WHAT TO PRODUCE ->
In the listing, locate the line containing "Physical Location Map", then quote it and all following lines exactly. Omit pictures.

SOURCE MATERIAL ->
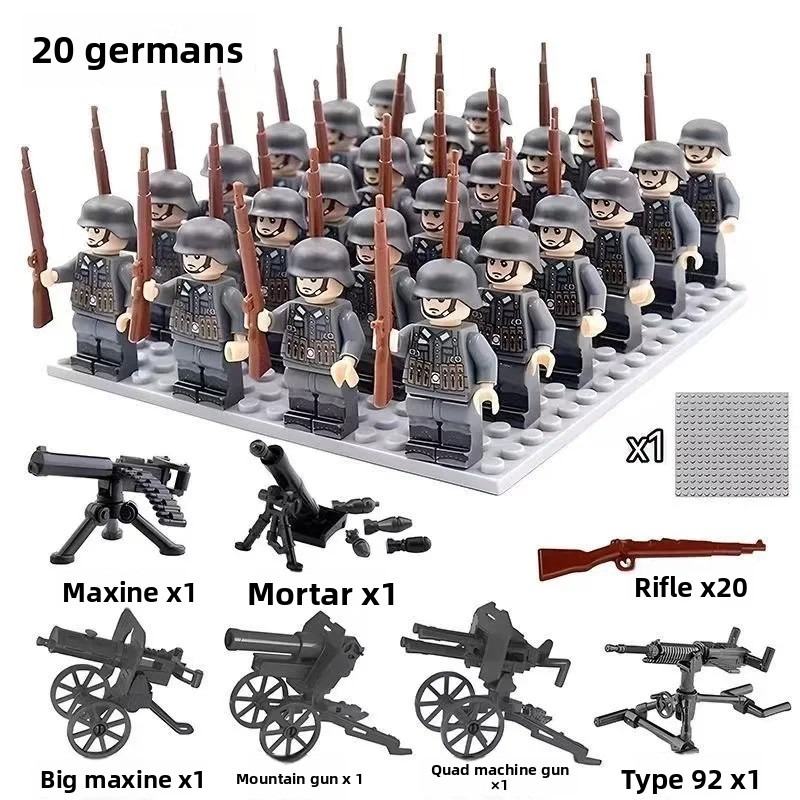 Kids No Education - World War II doll set collection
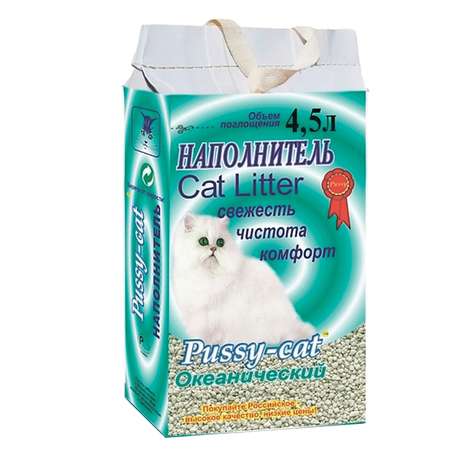 Наполнитель для кошек Pussy Cat Океанический впитывающий 4.5 л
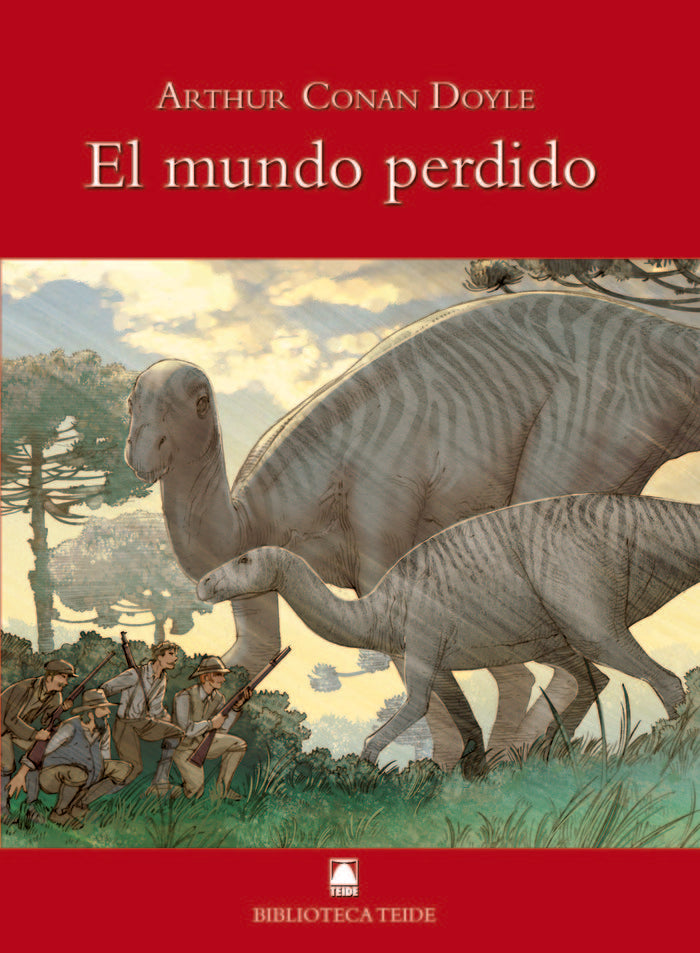 Biblioteca Teide 033 - El mundo perdido -Arthur Conan Doyle-, de Fortuny Giné, Joan Baptista | portada del libro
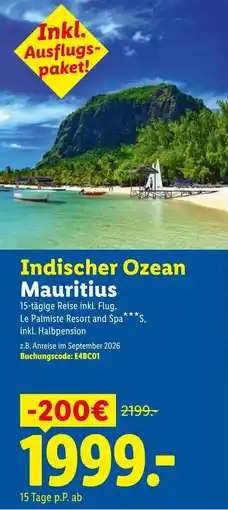 Lidl Reisen Indischer Ozean Mauritius Angebot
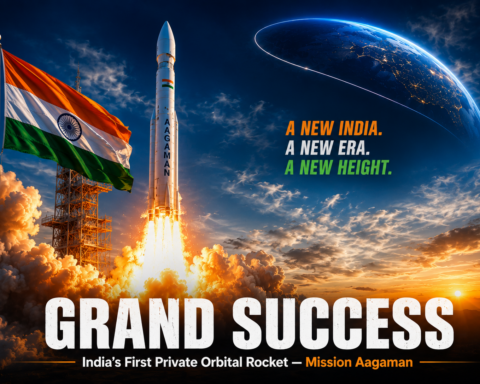 Skyroot Vikram-1 launch success — Vikram-1 rocket lifts off on Mission Aagaman from Sriharikota July 2026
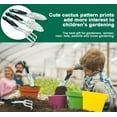 thumbnail image 6 of Garden Tool Set with Non-Slip Rubber Handle, 3 Piece Cast-Aluminum Heavy Duty Gardening Kit Includes Hand Trowel, Transplant Trowel and Cultivator Hand Rake, Cactus Pattern Printed, 6 of 7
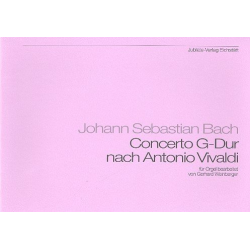 Concerto G-Dur nach Antonio Vivaldi - Johann Sebastian Bach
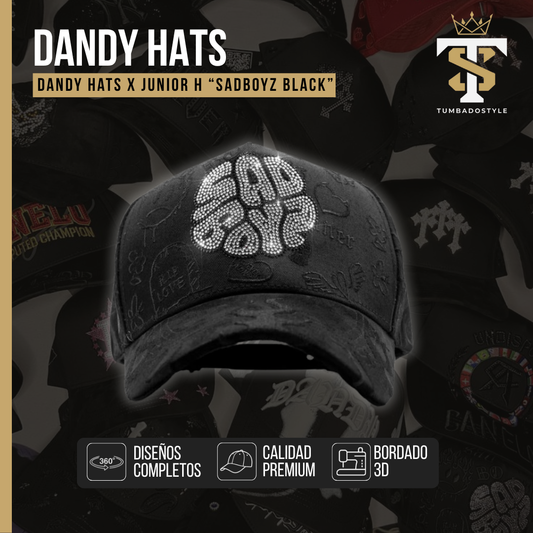 Dandy Hats x Junior H "Sadboyz Black"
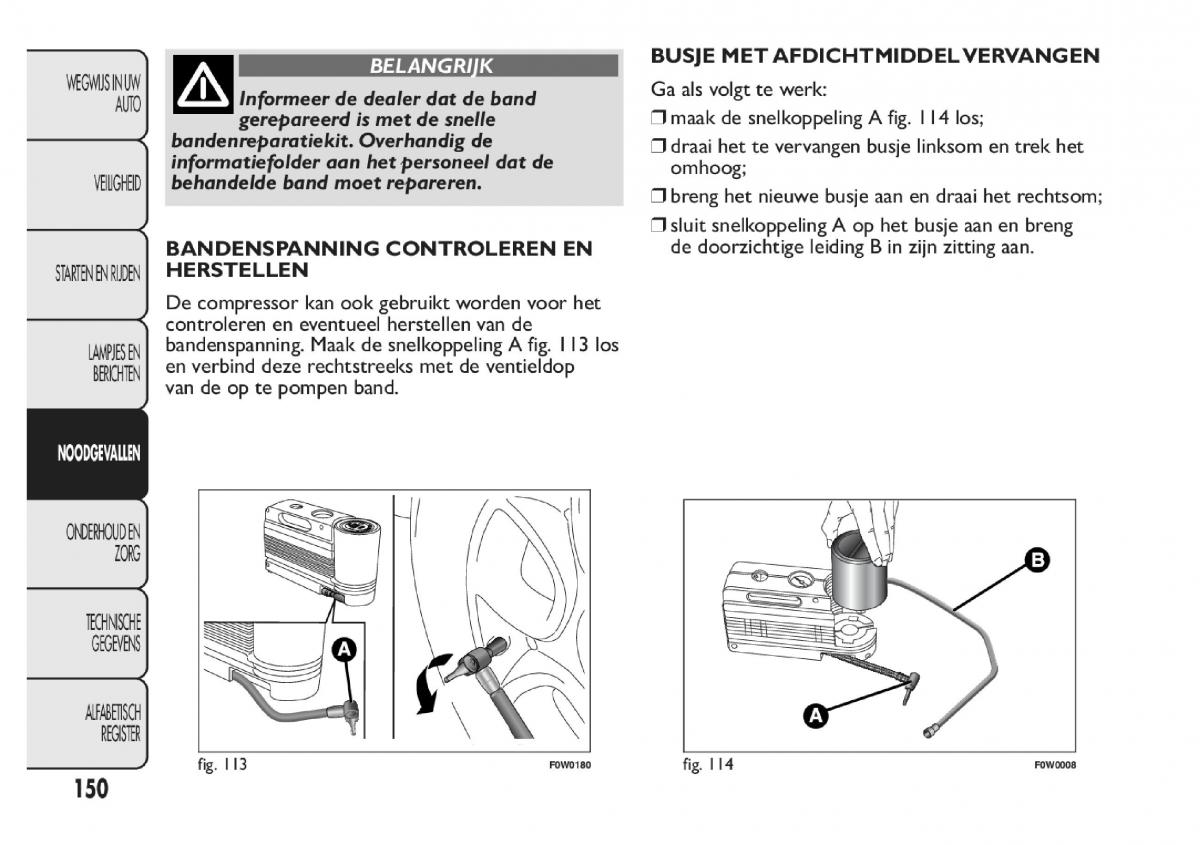 Fiat Panda III 3 handleiding / page 156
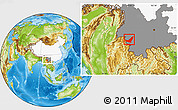 Physical Location Map of Gengma, highlighted country, highlighted parent region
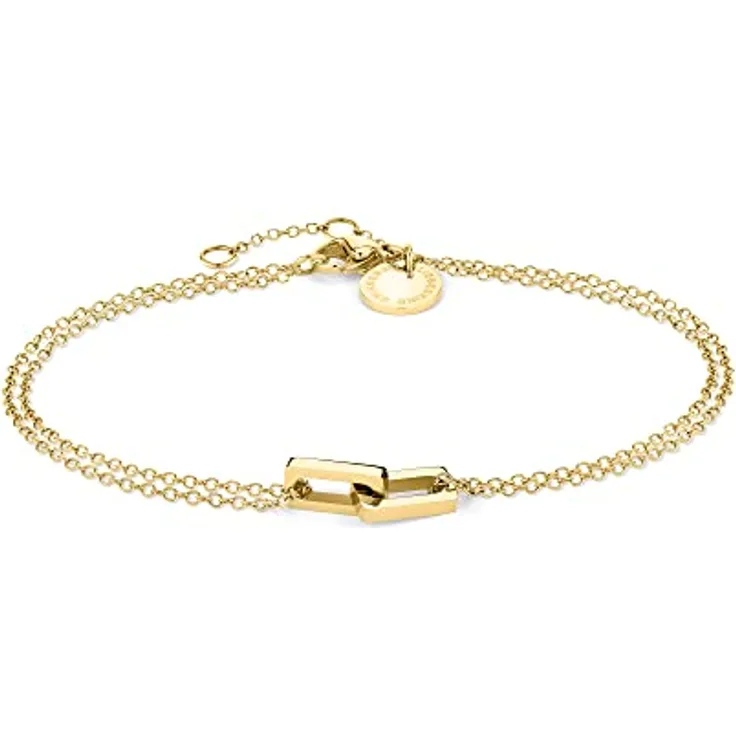 LIEBESKIND BERLIN Armband mit Karabinerverschluss, Edelstahl, 17+3 cm, moderne Link-Chain Details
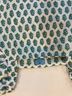 CeCe 100% Polyester 100% Cotton Floral White Green Blue Blouse Size L - photo 6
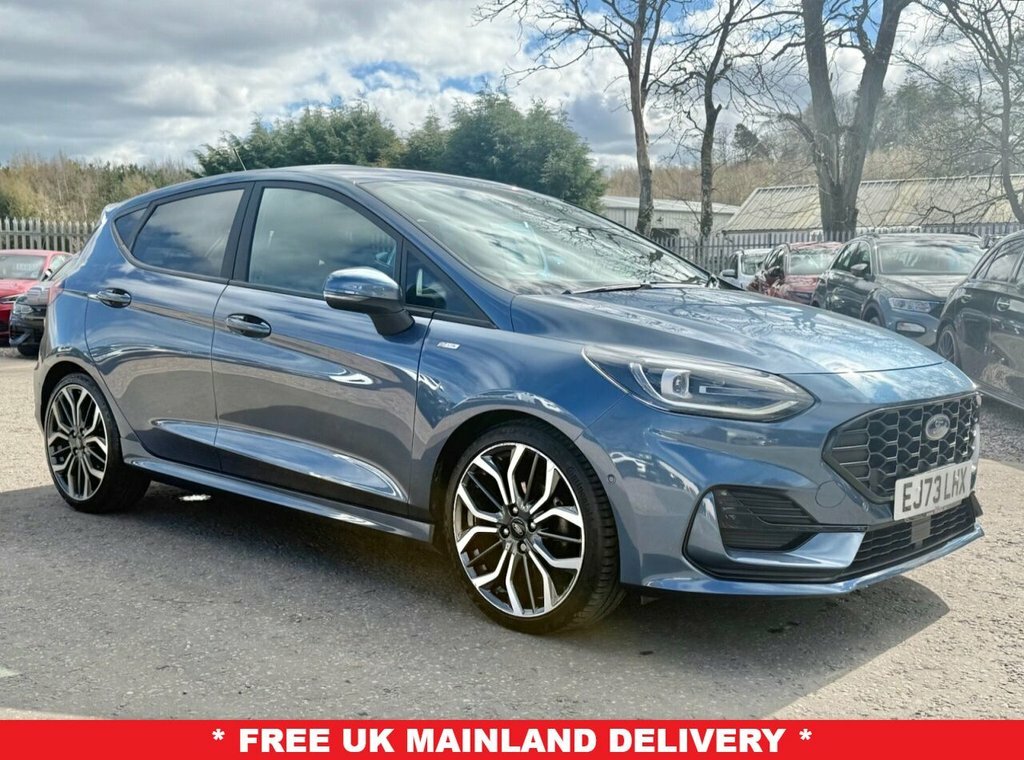 Ford Fiesta 1L St-line X Blue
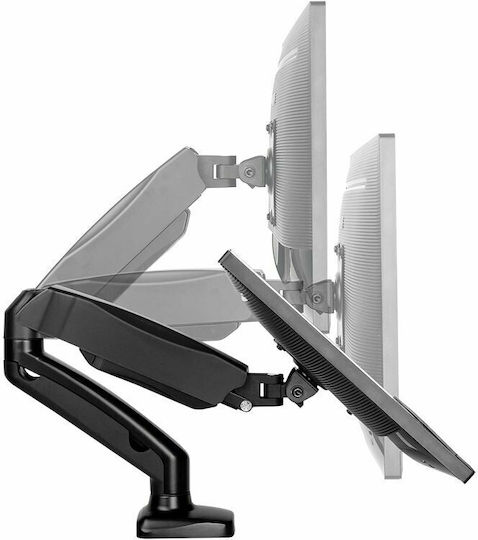 Icy Box Stand Desk Mounted for 2 Monitors up to 27" with Arm (IB-MS304-T)
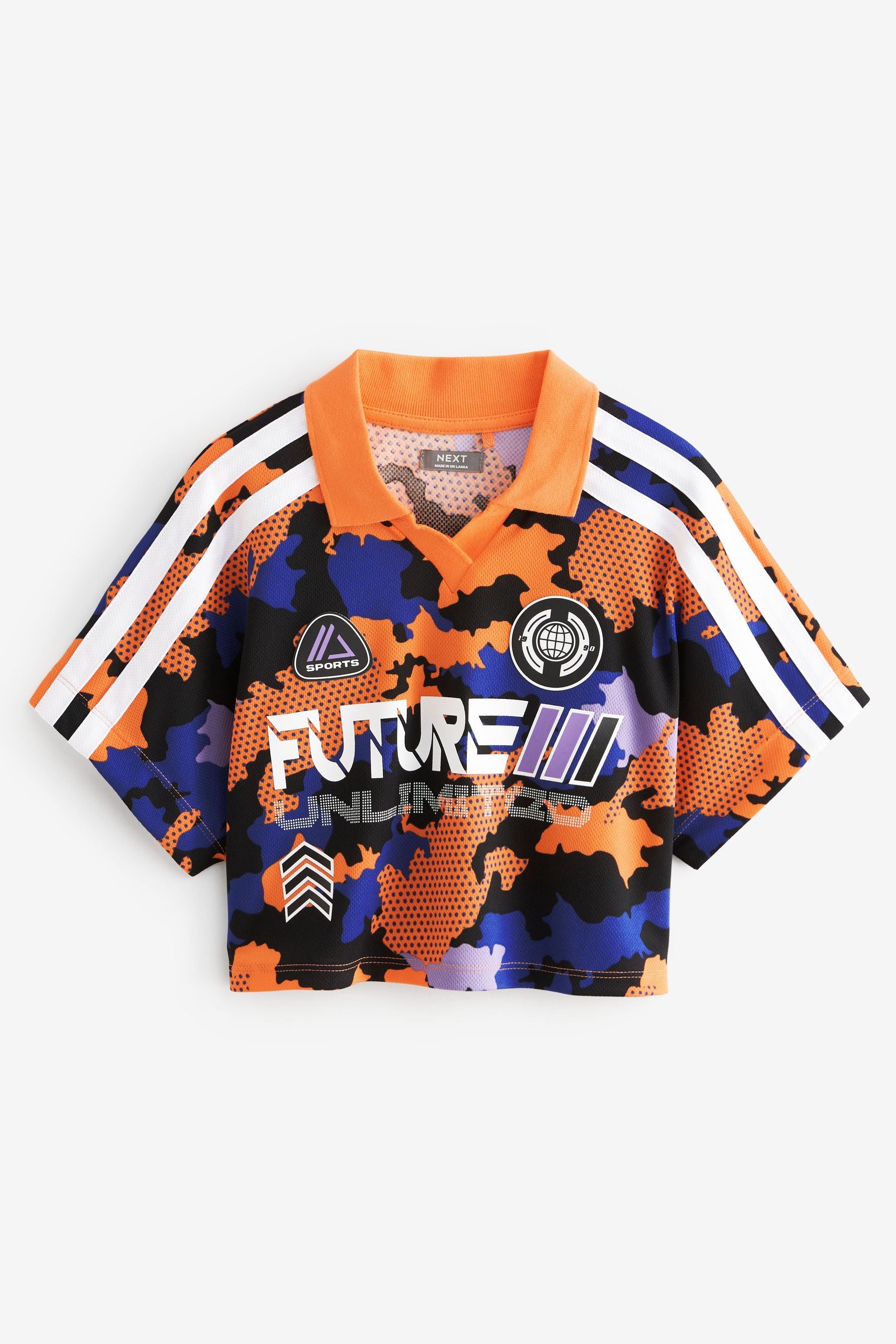 Purple/Orange Football Top (3-12yrs)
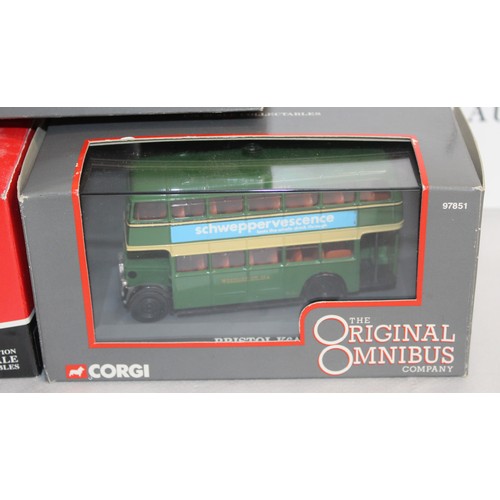 639 - 5 x Boxed Corgi The Original Omnibus Company Die Cast Vehicles All Look To Be In Good Condition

RESULT OF THIS EXERCISE ->
 Physical Location Map of Gengma, highlighted country, highlighted parent region
 LIEBESKIND BERLIN Armband mit Karabinerverschluss, Edelstahl, 17+3 cm, moderne Link-Chain Details
 CeCe 100% Polyester 100% Cotton Floral White Green Blue Blouse Size L - photo 6
 Ford Fiesta 1L St-line X Blue
 Icy Box Stand Desk Mounted for 2 Monitors up to 27" with Arm (IB-MS304-T)
 Purple/Orange Football Top (3-12yrs)
 639 - 5 x Boxed Corgi The Original Omnibus Company Die Cast Vehicles All Look To Be In Good Condition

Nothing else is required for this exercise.